1/4 oz Dark Jamaican Rum (Coruba)
1/4 oz Gold Jamaican Rum (Smith & Cross)
1/2 oz Lime Juice
1/2 oz Simple Syrup (1/2 oz Orgeat)
4 drop Almond Extract (utilize orgeat as above)
6 drop Pernod (St. George Absinthe)
Blend with 2 oz crushed ice and strain into a coupe with an ice shell (shake with ice, strain into a rocks glass, fill with crushed ice, and garnish with an ice shell, mint, and honeysuckles).
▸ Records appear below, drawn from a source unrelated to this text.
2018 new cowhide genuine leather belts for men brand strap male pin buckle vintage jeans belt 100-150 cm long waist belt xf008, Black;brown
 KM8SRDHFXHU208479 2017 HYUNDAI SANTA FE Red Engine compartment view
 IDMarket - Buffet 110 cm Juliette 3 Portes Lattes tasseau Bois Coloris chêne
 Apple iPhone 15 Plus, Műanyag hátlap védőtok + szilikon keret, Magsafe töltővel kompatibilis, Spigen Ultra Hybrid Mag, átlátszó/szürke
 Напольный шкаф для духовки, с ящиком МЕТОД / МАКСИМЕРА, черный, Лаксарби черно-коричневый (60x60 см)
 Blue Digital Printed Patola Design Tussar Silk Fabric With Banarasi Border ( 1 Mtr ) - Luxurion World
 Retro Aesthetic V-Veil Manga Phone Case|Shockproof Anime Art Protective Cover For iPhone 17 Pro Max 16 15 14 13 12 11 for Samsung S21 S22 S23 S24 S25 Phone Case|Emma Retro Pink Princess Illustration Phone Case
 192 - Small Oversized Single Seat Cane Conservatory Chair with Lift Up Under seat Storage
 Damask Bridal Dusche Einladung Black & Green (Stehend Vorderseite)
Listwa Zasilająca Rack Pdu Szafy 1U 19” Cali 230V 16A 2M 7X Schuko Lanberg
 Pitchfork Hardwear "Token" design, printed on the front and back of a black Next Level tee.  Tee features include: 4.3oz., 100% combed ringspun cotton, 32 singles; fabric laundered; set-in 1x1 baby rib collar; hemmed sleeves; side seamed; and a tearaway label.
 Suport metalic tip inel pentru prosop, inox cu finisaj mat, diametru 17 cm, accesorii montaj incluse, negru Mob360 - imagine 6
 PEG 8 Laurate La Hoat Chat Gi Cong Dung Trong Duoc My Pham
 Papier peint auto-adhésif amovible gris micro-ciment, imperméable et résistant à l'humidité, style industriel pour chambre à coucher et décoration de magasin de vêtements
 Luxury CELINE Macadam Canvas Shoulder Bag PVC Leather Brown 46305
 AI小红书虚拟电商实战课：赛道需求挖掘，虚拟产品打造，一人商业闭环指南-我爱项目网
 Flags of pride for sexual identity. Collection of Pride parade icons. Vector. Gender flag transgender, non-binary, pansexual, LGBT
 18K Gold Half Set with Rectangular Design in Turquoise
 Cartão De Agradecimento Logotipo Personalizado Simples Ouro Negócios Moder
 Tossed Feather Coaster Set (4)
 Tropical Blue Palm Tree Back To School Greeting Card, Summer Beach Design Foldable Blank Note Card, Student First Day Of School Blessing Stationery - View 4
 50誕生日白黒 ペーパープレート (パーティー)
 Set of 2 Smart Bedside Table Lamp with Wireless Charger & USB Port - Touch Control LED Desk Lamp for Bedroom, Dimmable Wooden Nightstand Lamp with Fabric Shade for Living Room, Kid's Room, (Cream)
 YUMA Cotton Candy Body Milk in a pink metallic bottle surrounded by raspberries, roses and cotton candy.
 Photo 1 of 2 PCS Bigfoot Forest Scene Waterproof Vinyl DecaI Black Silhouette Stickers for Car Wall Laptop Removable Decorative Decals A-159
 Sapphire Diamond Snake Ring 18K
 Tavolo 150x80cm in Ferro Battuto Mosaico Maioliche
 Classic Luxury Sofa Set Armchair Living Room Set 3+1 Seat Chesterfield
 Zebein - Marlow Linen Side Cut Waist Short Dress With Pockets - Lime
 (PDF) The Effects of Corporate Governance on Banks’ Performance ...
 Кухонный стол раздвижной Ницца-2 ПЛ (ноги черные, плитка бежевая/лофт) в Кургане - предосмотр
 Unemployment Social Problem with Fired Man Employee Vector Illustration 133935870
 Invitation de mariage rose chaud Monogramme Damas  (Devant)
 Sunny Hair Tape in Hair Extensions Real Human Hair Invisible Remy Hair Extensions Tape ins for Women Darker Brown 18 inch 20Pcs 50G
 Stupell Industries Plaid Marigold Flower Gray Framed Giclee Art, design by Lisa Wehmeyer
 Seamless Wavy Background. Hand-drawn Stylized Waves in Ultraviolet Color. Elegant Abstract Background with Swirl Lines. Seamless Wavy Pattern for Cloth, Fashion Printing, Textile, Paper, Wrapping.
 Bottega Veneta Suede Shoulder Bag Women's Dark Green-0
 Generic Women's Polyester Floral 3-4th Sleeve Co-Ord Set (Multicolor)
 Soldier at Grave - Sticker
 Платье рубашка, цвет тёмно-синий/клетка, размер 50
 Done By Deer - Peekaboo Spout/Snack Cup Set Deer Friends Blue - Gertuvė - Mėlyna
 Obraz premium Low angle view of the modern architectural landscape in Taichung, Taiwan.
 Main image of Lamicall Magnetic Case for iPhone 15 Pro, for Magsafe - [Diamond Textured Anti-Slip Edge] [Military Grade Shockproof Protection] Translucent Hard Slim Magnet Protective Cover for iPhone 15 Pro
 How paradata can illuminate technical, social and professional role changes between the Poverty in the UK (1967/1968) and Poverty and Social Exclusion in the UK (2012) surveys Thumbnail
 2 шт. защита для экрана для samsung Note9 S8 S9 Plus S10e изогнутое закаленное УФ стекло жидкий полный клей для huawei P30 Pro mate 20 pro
Two Fridays ago, I honored the call for the Instagram-based Beachcomber's Gold Challenge after having participated in the previous week's 151 Swizzle Challenge. For recipes, I found that Beachbum Berry's Remixed contained three different Beachcomber's Gold recipes all sourced from Don the Beachcomber establishments. The one I selected was the oldest from Dick Santiago's 1937 notebook that Santiago assembled as the head waiter at the Hollywood location, and this same recipe was found in a 1950s notebook from a Palm Springs location. In terms of technique, I have always had a problem with the making the shell in a coupe glass and nudging it over to keep building it instructions that Berry recommended as I mentioned in the Aku Aku Gold Cup post. For that drink, I utilized a hand juicer to force the crushed ice into the proper shape. For this one, I opted for building it in a cheaper julep strainer, pressing it together with another strainer to force the shape, freezing it, and then squeezing the strainer's metal until the shell separated (my more solid ones such as the Cocktail Kingdom brand were not bendable and did not work here). While I was able to make a few attractive ones, I was unable to attach the shell to a glass very well (I believe that I had matched the shell to the perfect glass in the Aku Aku Gold Cup to keep it in place). Therefore, I opted for the crushed ice-filled rocks glass route that the Devil's Reef bar utilizes to solve the dilemma. For speed, the hand juicer technique works the best since it does not require a freezing step (although it helps to retain its form).